What you need to do: Transcribe the records below exactly as they appear.
-------- Information supplied --------
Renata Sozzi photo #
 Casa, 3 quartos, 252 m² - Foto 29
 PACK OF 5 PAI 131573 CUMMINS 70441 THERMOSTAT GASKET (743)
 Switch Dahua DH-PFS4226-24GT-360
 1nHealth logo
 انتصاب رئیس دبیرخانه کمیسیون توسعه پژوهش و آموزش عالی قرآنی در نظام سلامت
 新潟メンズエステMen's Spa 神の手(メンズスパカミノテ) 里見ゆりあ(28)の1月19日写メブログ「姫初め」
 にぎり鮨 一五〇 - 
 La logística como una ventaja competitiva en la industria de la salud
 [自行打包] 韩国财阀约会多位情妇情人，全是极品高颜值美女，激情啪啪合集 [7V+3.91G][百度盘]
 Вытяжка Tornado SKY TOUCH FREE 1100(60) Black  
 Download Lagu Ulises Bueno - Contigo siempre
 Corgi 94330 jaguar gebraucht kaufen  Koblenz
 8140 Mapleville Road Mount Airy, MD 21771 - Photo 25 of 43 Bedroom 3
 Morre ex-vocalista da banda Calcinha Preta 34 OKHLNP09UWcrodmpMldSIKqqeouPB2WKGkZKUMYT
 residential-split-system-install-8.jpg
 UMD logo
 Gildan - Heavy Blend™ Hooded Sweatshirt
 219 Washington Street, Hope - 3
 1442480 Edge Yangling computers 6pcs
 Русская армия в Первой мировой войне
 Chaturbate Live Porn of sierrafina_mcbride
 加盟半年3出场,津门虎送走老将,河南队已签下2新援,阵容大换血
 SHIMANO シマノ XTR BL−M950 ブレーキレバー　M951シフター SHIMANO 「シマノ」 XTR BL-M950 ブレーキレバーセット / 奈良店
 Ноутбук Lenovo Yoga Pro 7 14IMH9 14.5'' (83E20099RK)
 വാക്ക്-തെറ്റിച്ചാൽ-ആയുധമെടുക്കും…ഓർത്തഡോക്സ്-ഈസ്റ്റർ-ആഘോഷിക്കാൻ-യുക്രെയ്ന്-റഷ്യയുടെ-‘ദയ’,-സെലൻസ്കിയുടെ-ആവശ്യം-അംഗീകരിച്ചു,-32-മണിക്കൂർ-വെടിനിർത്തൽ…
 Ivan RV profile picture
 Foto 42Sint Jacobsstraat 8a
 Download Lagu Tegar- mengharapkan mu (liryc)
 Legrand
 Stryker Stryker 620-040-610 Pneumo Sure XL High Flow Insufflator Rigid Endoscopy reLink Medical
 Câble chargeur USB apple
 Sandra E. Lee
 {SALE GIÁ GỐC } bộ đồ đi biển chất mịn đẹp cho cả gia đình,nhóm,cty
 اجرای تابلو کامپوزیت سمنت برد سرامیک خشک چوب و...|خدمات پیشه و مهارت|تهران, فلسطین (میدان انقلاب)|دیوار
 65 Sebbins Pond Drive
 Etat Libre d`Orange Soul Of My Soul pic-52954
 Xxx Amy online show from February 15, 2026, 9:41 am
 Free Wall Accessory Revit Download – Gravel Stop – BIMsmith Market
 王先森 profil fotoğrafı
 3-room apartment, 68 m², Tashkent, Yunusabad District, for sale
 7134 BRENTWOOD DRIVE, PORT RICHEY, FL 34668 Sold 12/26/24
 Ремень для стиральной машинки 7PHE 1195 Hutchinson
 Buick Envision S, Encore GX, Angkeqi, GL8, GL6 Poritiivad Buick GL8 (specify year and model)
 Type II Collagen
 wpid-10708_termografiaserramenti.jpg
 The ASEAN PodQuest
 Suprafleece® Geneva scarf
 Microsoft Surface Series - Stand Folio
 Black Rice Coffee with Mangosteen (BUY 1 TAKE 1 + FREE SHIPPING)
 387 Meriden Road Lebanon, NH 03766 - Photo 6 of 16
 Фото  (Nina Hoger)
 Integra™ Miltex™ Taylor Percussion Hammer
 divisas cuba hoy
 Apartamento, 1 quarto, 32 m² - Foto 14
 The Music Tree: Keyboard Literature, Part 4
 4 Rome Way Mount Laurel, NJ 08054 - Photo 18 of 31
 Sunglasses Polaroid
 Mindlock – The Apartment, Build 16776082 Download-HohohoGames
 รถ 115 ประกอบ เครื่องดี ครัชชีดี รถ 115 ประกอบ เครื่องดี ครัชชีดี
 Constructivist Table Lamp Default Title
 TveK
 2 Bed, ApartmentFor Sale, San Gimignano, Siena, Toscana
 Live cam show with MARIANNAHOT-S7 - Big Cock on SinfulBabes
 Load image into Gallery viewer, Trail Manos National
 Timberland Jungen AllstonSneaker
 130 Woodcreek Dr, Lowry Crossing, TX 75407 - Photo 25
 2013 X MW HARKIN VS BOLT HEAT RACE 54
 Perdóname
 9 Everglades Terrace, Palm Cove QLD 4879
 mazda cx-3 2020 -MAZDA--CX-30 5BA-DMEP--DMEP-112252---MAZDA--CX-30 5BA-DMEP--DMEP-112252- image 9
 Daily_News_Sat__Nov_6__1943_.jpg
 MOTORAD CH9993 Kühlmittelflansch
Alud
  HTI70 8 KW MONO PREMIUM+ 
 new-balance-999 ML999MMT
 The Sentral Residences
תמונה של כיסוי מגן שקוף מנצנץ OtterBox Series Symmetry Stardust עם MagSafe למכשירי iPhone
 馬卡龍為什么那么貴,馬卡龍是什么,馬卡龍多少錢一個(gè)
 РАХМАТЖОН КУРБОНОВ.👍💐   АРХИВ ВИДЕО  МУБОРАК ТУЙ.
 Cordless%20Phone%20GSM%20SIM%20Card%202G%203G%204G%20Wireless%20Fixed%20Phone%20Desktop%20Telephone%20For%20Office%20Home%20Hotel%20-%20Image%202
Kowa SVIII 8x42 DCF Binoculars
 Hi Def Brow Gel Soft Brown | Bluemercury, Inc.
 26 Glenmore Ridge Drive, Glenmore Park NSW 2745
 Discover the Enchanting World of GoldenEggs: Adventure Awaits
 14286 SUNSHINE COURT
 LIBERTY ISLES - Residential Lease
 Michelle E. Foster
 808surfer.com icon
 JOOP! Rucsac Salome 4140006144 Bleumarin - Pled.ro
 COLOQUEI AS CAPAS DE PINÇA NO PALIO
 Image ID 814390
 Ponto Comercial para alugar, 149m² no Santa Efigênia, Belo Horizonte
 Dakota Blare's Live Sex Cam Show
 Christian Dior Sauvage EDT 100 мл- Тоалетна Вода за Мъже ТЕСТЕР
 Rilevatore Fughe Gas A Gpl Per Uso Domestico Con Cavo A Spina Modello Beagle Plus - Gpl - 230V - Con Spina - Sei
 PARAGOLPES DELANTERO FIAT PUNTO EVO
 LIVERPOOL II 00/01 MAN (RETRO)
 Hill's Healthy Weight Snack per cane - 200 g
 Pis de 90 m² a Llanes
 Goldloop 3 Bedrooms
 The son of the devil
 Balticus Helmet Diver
--------
Finished task:
Renata Sozzi photo #
 Casa, 3 quartos, 252 m² - Foto 29
 PACK OF 5 PAI 131573 CUMMINS 70441 THERMOSTAT GASKET (743)
 Switch Dahua DH-PFS4226-24GT-360
 1nHealth logo
 انتصاب رئیس دبیرخانه کمیسیون توسعه پژوهش و آموزش عالی قرآنی در نظام سلامت
 新潟メンズエステMen's Spa 神の手(メンズスパカミノテ) 里見ゆりあ(28)の1月19日写メブログ「姫初め」
 にぎり鮨 一五〇 - 
 La logística como una ventaja competitiva en la industria de la salud
 [自行打包] 韩国财阀约会多位情妇情人，全是极品高颜值美女，激情啪啪合集 [7V+3.91G][百度盘]
 Вытяжка Tornado SKY TOUCH FREE 1100(60) Black  
 Download Lagu Ulises Bueno - Contigo siempre
 Corgi 94330 jaguar gebraucht kaufen  Koblenz
 8140 Mapleville Road Mount Airy, MD 21771 - Photo 25 of 43 Bedroom 3
 Morre ex-vocalista da banda Calcinha Preta 34 OKHLNP09UWcrodmpMldSIKqqeouPB2WKGkZKUMYT
 residential-split-system-install-8.jpg
 UMD logo
 Gildan - Heavy Blend™ Hooded Sweatshirt
 219 Washington Street, Hope - 3
 1442480 Edge Yangling computers 6pcs
 Русская армия в Первой мировой войне
 Chaturbate Live Porn of sierrafina_mcbride
 加盟半年3出场,津门虎送走老将,河南队已签下2新援,阵容大换血
 SHIMANO シマノ XTR BL−M950 ブレーキレバー　M951シフター SHIMANO 「シマノ」 XTR BL-M950 ブレーキレバーセット / 奈良店
 Ноутбук Lenovo Yoga Pro 7 14IMH9 14.5'' (83E20099RK)
 വാക്ക്-തെറ്റിച്ചാൽ-ആയുധമെടുക്കും…ഓർത്തഡോക്സ്-ഈസ്റ്റർ-ആഘോഷിക്കാൻ-യുക്രെയ്ന്-റഷ്യയുടെ-‘ദയ’,-സെലൻസ്കിയുടെ-ആവശ്യം-അംഗീകരിച്ചു,-32-മണിക്കൂർ-വെടിനിർത്തൽ…
 Ivan RV profile picture
 Foto 42Sint Jacobsstraat 8a
 Download Lagu Tegar- mengharapkan mu (liryc)
 Legrand
 Stryker Stryker 620-040-610 Pneumo Sure XL High Flow Insufflator Rigid Endoscopy reLink Medical
 Câble chargeur USB apple
 Sandra E. Lee
 {SALE GIÁ GỐC } bộ đồ đi biển chất mịn đẹp cho cả gia đình,nhóm,cty
 اجرای تابلو کامپوزیت سمنت برد سرامیک خشک چوب و...|خدمات پیشه و مهارت|تهران, فلسطین (میدان انقلاب)|دیوار
 65 Sebbins Pond Drive
 Etat Libre d`Orange Soul Of My Soul pic-52954
 Xxx Amy online show from February 15, 2026, 9:41 am
 Free Wall Accessory Revit Download – Gravel Stop – BIMsmith Market
 王先森 profil fotoğrafı
 3-room apartment, 68 m², Tashkent, Yunusabad District, for sale
 7134 BRENTWOOD DRIVE, PORT RICHEY, FL 34668 Sold 12/26/24
 Ремень для стиральной машинки 7PHE 1195 Hutchinson
 Buick Envision S, Encore GX, Angkeqi, GL8, GL6 Poritiivad Buick GL8 (specify year and model)
 Type II Collagen
 wpid-10708_termografiaserramenti.jpg
 The ASEAN PodQuest
 Suprafleece® Geneva scarf
 Microsoft Surface Series - Stand Folio
 Black Rice Coffee with Mangosteen (BUY 1 TAKE 1 + FREE SHIPPING)
 387 Meriden Road Lebanon, NH 03766 - Photo 6 of 16
 Фото  (Nina Hoger)
 Integra™ Miltex™ Taylor Percussion Hammer
 divisas cuba hoy
 Apartamento, 1 quarto, 32 m² - Foto 14
 The Music Tree: Keyboard Literature, Part 4
 4 Rome Way Mount Laurel, NJ 08054 - Photo 18 of 31
 Sunglasses Polaroid
 Mindlock – The Apartment, Build 16776082 Download-HohohoGames
 รถ 115 ประกอบ เครื่องดี ครัชชีดี รถ 115 ประกอบ เครื่องดี ครัชชีดี
 Constructivist Table Lamp Default Title
 TveK
 2 Bed, ApartmentFor Sale, San Gimignano, Siena, Toscana
 Live cam show with MARIANNAHOT-S7 - Big Cock on SinfulBabes
 Load image into Gallery viewer, Trail Manos National
 Timberland Jungen AllstonSneaker
 130 Woodcreek Dr, Lowry Crossing, TX 75407 - Photo 25
 2013 X MW HARKIN VS BOLT HEAT RACE 54
 Perdóname
 9 Everglades Terrace, Palm Cove QLD 4879
 mazda cx-3 2020 -MAZDA--CX-30 5BA-DMEP--DMEP-112252---MAZDA--CX-30 5BA-DMEP--DMEP-112252- image 9
 Daily_News_Sat__Nov_6__1943_.jpg
 MOTORAD CH9993 Kühlmittelflansch
Alud
  HTI70 8 KW MONO PREMIUM+ 
 new-balance-999 ML999MMT
 The Sentral Residences
תמונה של כיסוי מגן שקוף מנצנץ OtterBox Series Symmetry Stardust עם MagSafe למכשירי iPhone
 馬卡龍為什么那么貴,馬卡龍是什么,馬卡龍多少錢一個(gè)
 РАХМАТЖОН КУРБОНОВ.👍💐   АРХИВ ВИДЕО  МУБОРАК ТУЙ.
 Cordless%20Phone%20GSM%20SIM%20Card%202G%203G%204G%20Wireless%20Fixed%20Phone%20Desktop%20Telephone%20For%20Office%20Home%20Hotel%20-%20Image%202
Kowa SVIII 8x42 DCF Binoculars
 Hi Def Brow Gel Soft Brown | Bluemercury, Inc.
 26 Glenmore Ridge Drive, Glenmore Park NSW 2745
 Discover the Enchanting World of GoldenEggs: Adventure Awaits
 14286 SUNSHINE COURT
 LIBERTY ISLES - Residential Lease
 Michelle E. Foster
 808surfer.com icon
 JOOP! Rucsac Salome 4140006144 Bleumarin - Pled.ro
 COLOQUEI AS CAPAS DE PINÇA NO PALIO
 Image ID 814390
 Ponto Comercial para alugar, 149m² no Santa Efigênia, Belo Horizonte
 Dakota Blare's Live Sex Cam Show
 Christian Dior Sauvage EDT 100 мл- Тоалетна Вода за Мъже ТЕСТЕР
 Rilevatore Fughe Gas A Gpl Per Uso Domestico Con Cavo A Spina Modello Beagle Plus - Gpl - 230V - Con Spina - Sei
 PARAGOLPES DELANTERO FIAT PUNTO EVO
 LIVERPOOL II 00/01 MAN (RETRO)
 Hill's Healthy Weight Snack per cane - 200 g
 Pis de 90 m² a Llanes
 Goldloop 3 Bedrooms
 The son of the devil
 Balticus Helmet Diver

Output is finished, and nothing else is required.